EXERCISE:
Leave out the pictures and retype all the entries below exactly.

EXERCISE DATA:
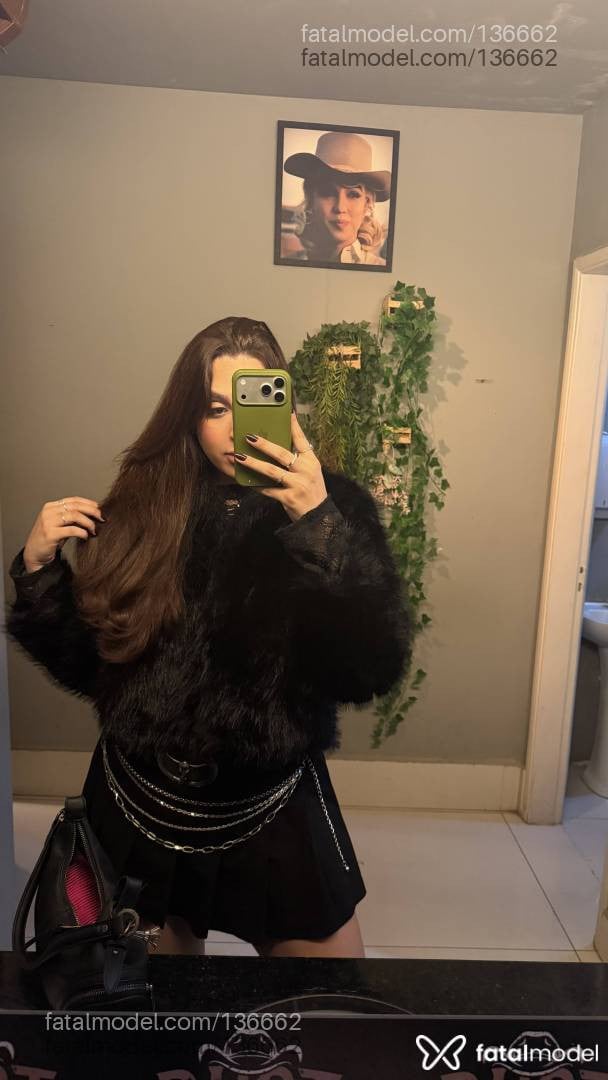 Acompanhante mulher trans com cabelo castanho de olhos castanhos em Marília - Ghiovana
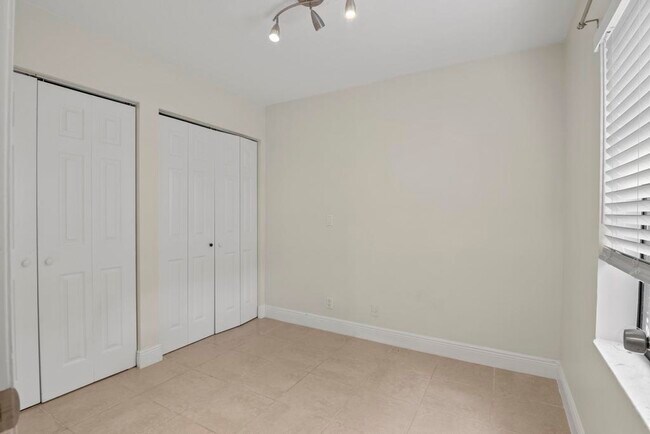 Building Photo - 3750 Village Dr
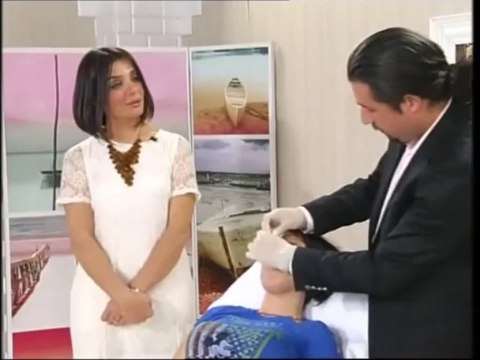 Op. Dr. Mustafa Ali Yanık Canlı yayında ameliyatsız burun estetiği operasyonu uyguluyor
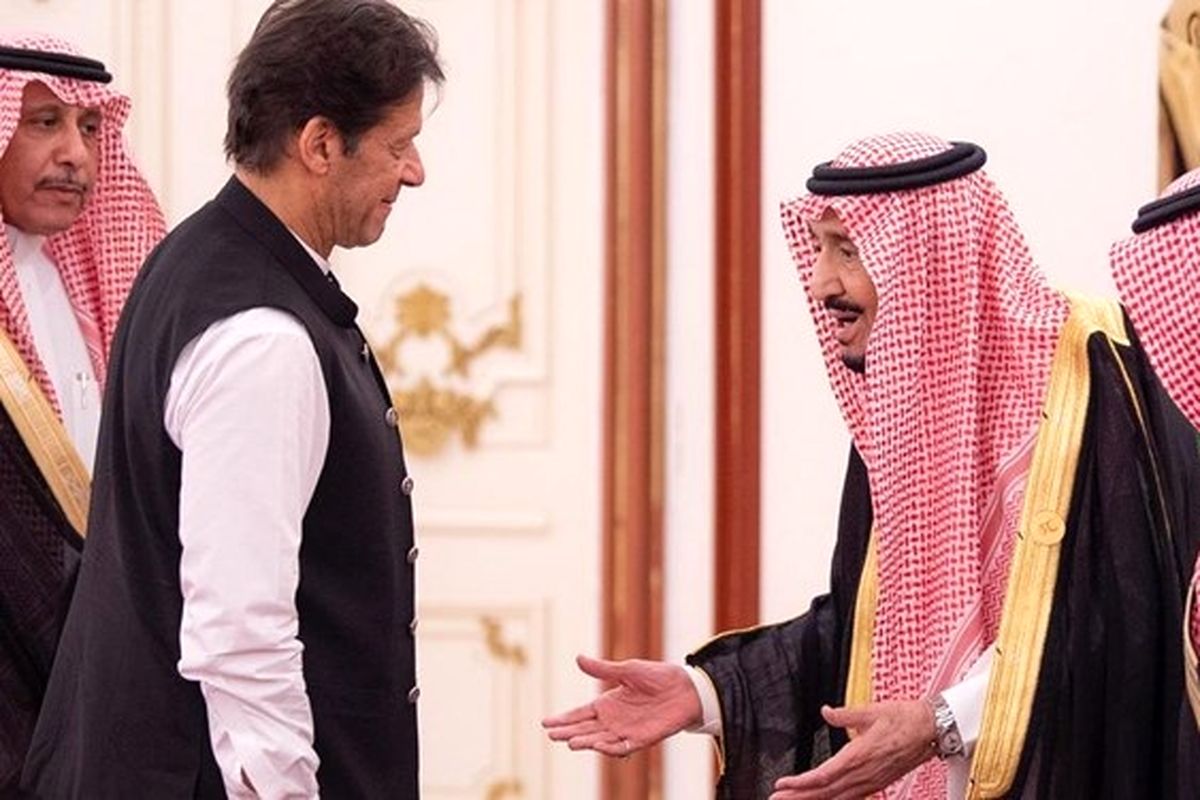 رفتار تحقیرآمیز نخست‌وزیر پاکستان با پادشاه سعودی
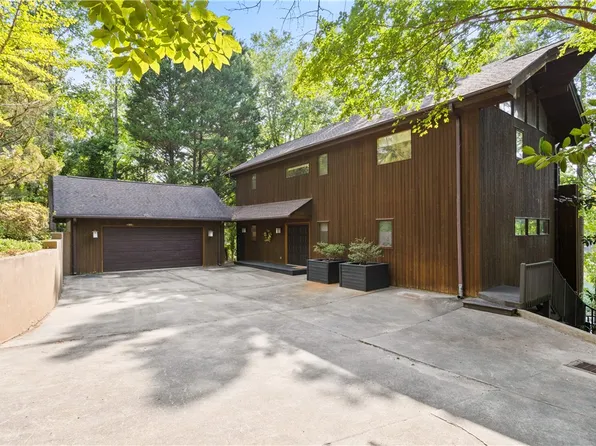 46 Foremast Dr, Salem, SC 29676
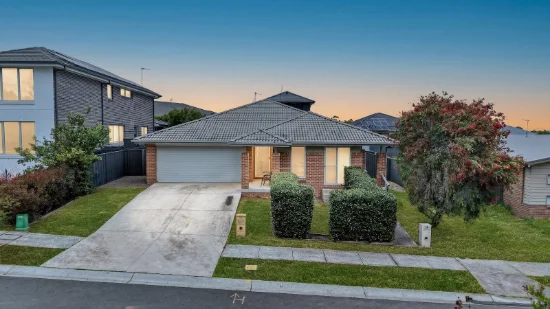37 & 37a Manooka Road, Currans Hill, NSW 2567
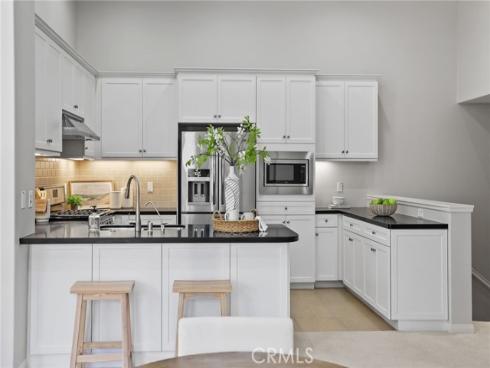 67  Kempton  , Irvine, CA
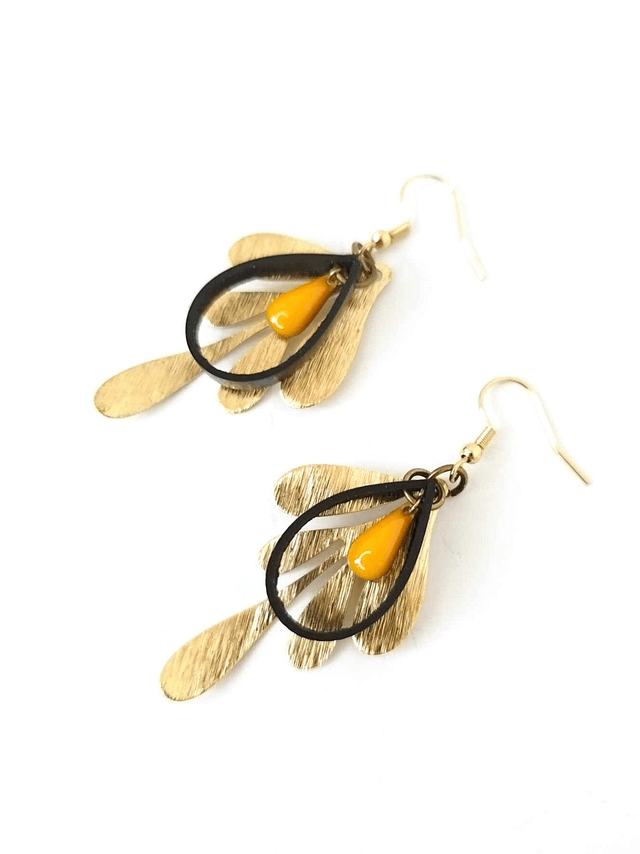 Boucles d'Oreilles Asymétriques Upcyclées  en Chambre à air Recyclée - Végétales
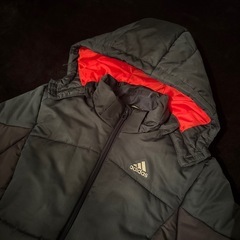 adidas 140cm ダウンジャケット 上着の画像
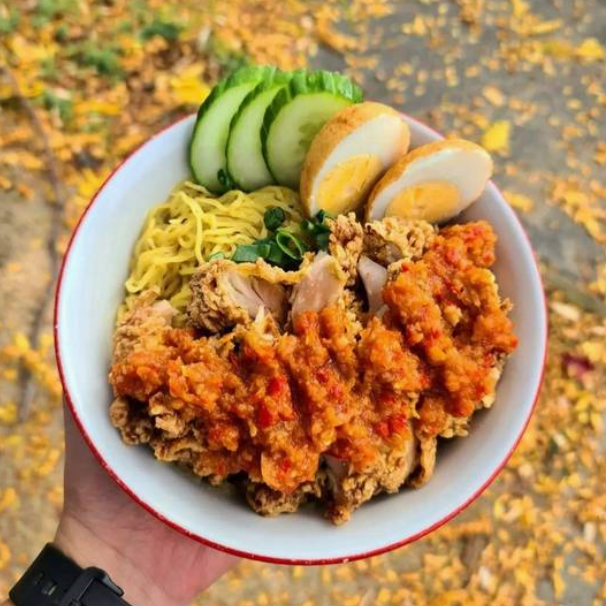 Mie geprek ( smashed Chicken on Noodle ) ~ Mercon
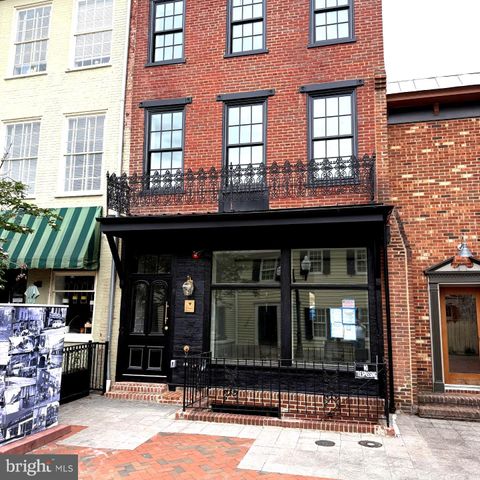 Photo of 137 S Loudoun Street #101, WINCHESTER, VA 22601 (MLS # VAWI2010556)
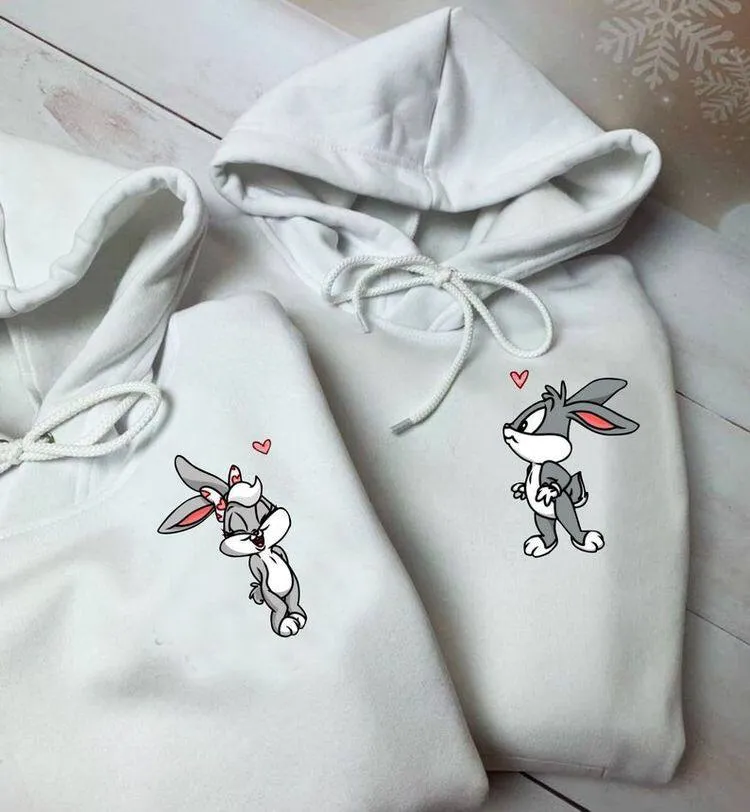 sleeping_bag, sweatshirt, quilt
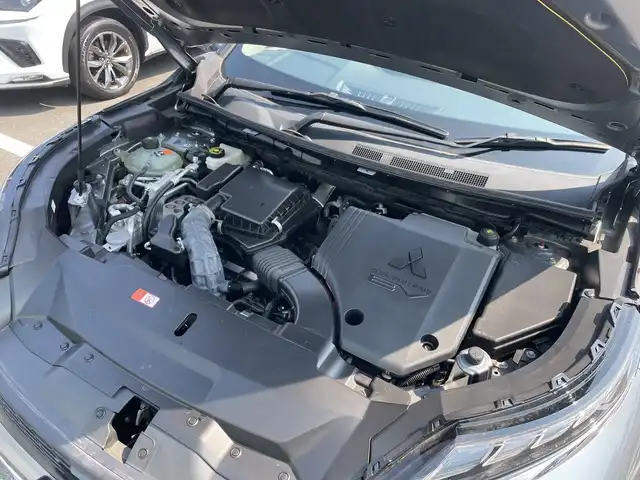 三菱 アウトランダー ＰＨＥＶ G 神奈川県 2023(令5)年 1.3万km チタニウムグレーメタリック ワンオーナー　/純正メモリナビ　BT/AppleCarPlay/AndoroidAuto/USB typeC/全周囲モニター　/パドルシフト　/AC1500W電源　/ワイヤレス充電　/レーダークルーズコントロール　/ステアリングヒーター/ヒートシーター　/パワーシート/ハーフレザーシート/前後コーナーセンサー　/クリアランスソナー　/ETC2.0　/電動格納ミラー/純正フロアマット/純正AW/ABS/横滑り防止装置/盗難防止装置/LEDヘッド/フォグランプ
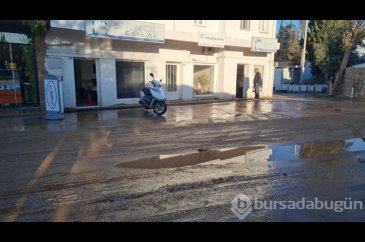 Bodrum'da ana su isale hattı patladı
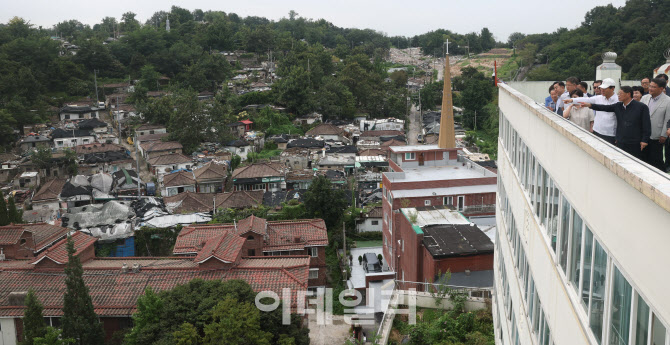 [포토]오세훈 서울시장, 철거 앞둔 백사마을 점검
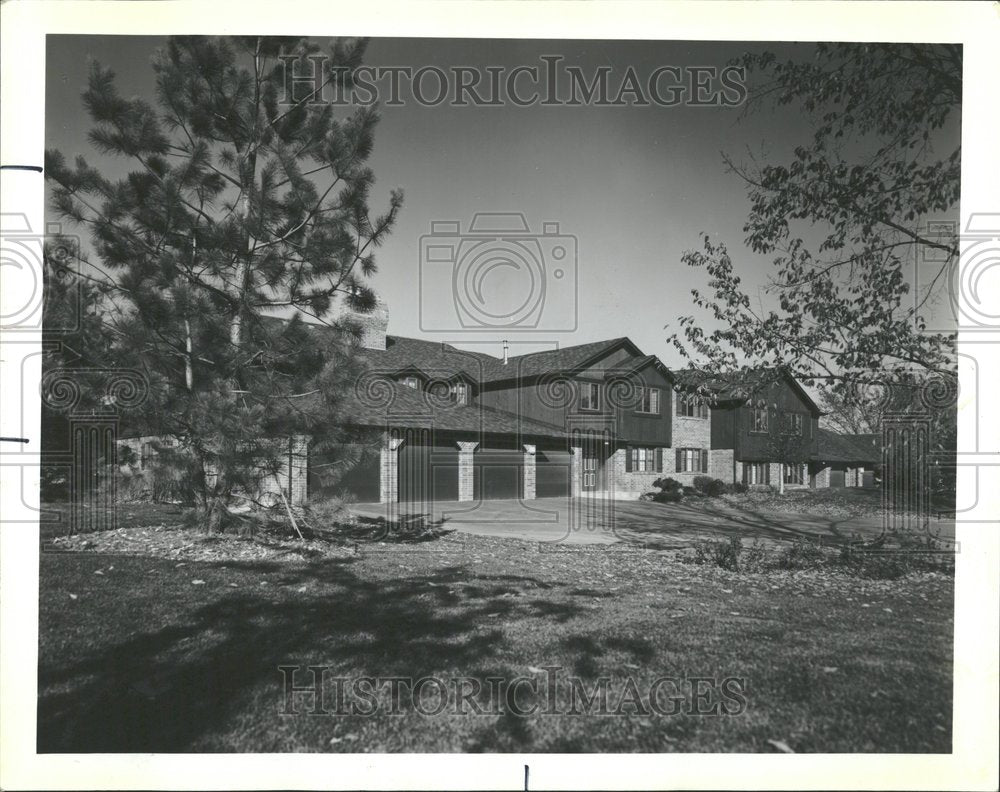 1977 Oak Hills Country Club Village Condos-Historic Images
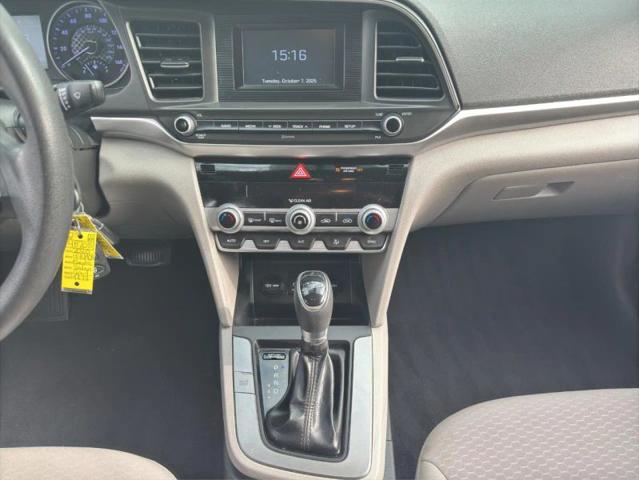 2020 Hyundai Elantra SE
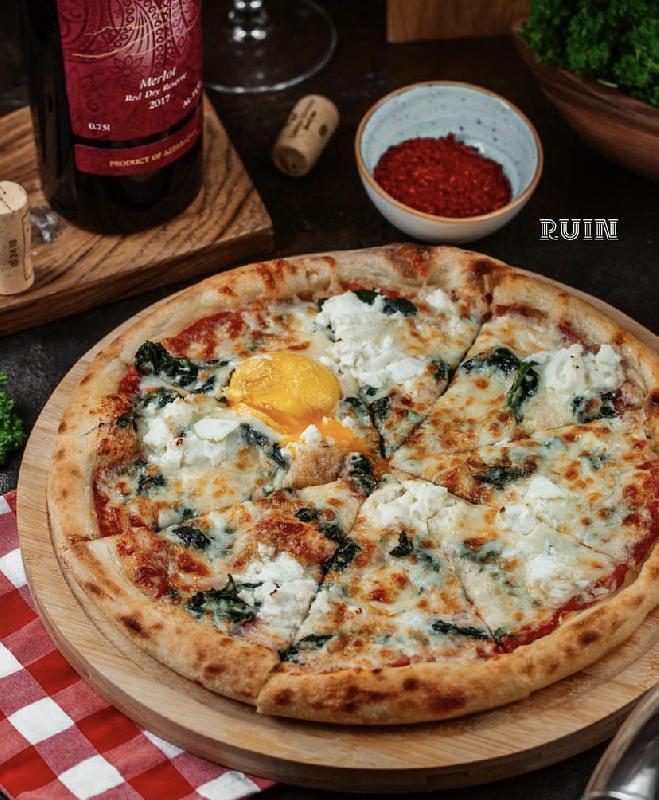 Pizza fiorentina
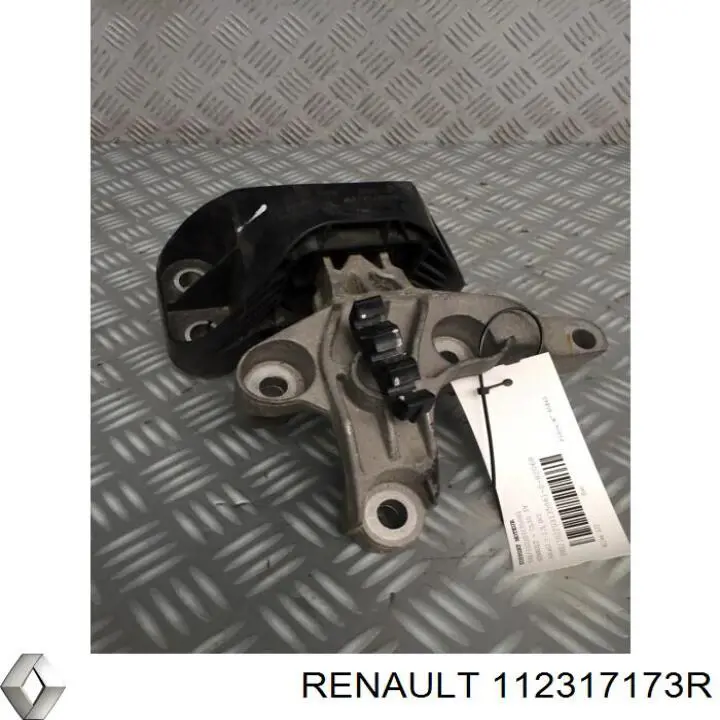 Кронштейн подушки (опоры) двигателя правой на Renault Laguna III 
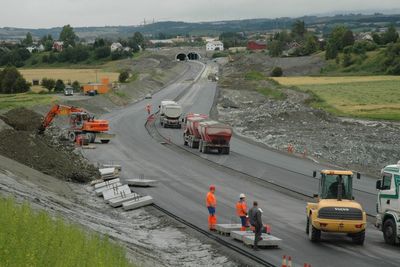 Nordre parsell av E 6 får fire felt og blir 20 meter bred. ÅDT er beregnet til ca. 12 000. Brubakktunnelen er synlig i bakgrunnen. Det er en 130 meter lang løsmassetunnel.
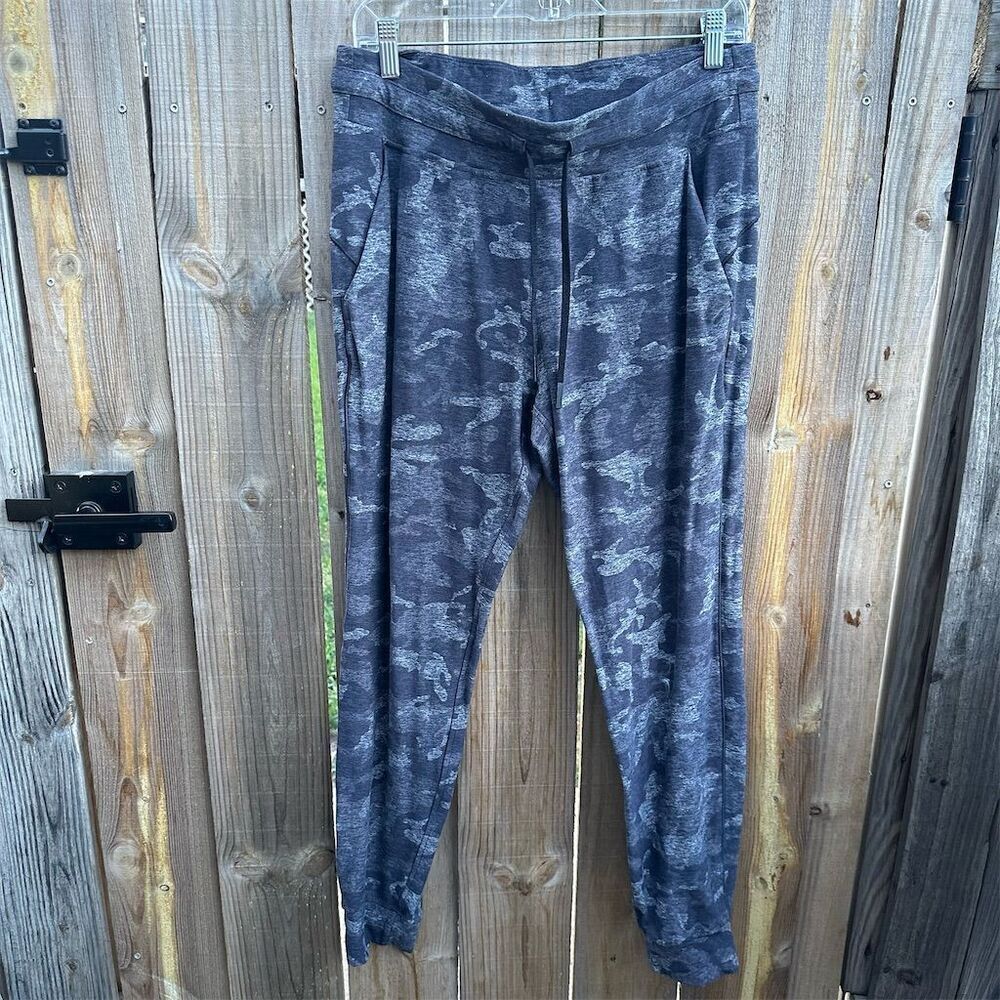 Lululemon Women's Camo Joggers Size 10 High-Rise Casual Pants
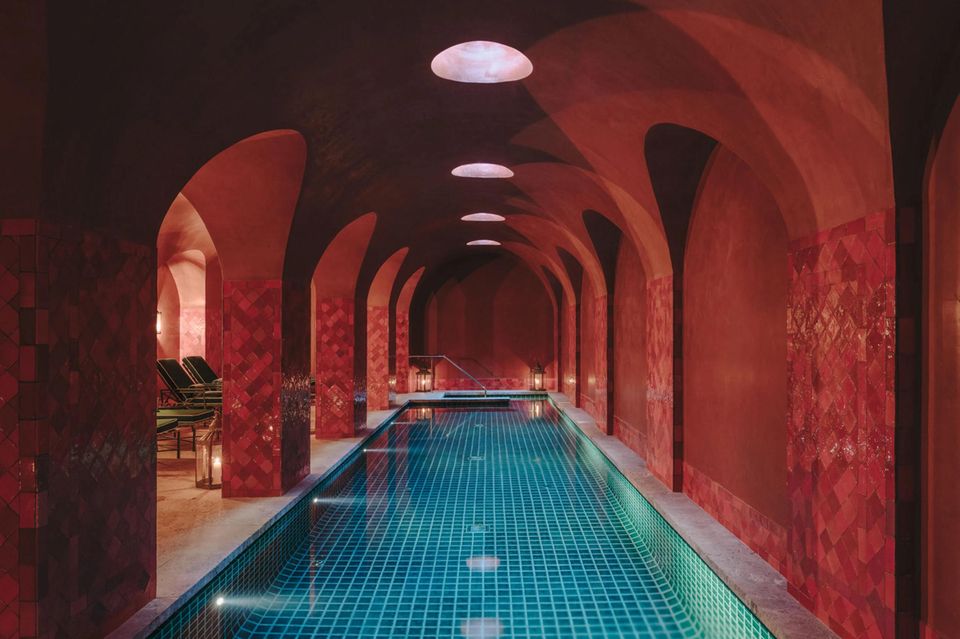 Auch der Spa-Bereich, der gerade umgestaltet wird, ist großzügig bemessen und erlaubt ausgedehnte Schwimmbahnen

SOLUTION FOR THIS PROBLEM:
 Acompanhante mulher trans com cabelo castanho de olhos castanhos em Marília - Ghiovana
 Building Photo - 3750 Village Dr
 Op. Dr. Mustafa Ali Yanık Canlı yayında ameliyatsız burun estetiği operasyonu uyguluyor
 رفتار تحقیرآمیز نخست‌وزیر پاکستان با پادشاه سعودی
 46 Foremast Dr, Salem, SC 29676
37 & 37a Manooka Road, Currans Hill, NSW 2567
 67  Kempton  , Irvine, CA
 Boucles d'Oreilles Asymétriques Upcyclées  en Chambre à air Recyclée - Végétales
 adidas 140cm ダウンジャケット 上着の画像
 Mie geprek ( smashed Chicken on Noodle ) ~ Mercon
 Photo of 137 S Loudoun Street #101, WINCHESTER, VA 22601 (MLS # VAWI2010556)
 sleeping_bag, sweatshirt, quilt
 三菱 アウトランダー ＰＨＥＶ G 神奈川県 2023(令5)年 1.3万km チタニウムグレーメタリック ワンオーナー　/純正メモリナビ　BT/AppleCarPlay/AndoroidAuto/USB typeC/全周囲モニター　/パドルシフト　/AC1500W電源　/ワイヤレス充電　/レーダークルーズコントロール　/ステアリングヒーター/ヒートシーター　/パワーシート/ハーフレザーシート/前後コーナーセンサー　/クリアランスソナー　/ETC2.0　/電動格納ミラー/純正フロアマット/純正AW/ABS/横滑り防止装置/盗難防止装置/LEDヘッド/フォグランプ
 Bodrum'da ana su isale hattı patladı
 [포토]오세훈 서울시장, 철거 앞둔 백사마을 점검
 1977 Oak Hills Country Club Village Condos-Historic Images
 2020 Hyundai Elantra SE
 Pizza fiorentina
 Кронштейн подушки (опоры) двигателя правой на Renault Laguna III 
 Nordre parsell av E 6 får fire felt og blir 20 meter bred. ÅDT er beregnet til ca. 12 000. Brubakktunnelen er synlig i bakgrunnen. Det er en 130 meter lang løsmassetunnel.
 Lululemon Women's Camo Joggers Size 10 High-Rise Casual Pants
 Auch der Spa-Bereich, der gerade umgestaltet wird, ist großzügig bemessen und erlaubt ausgedehnte Schwimmbahnen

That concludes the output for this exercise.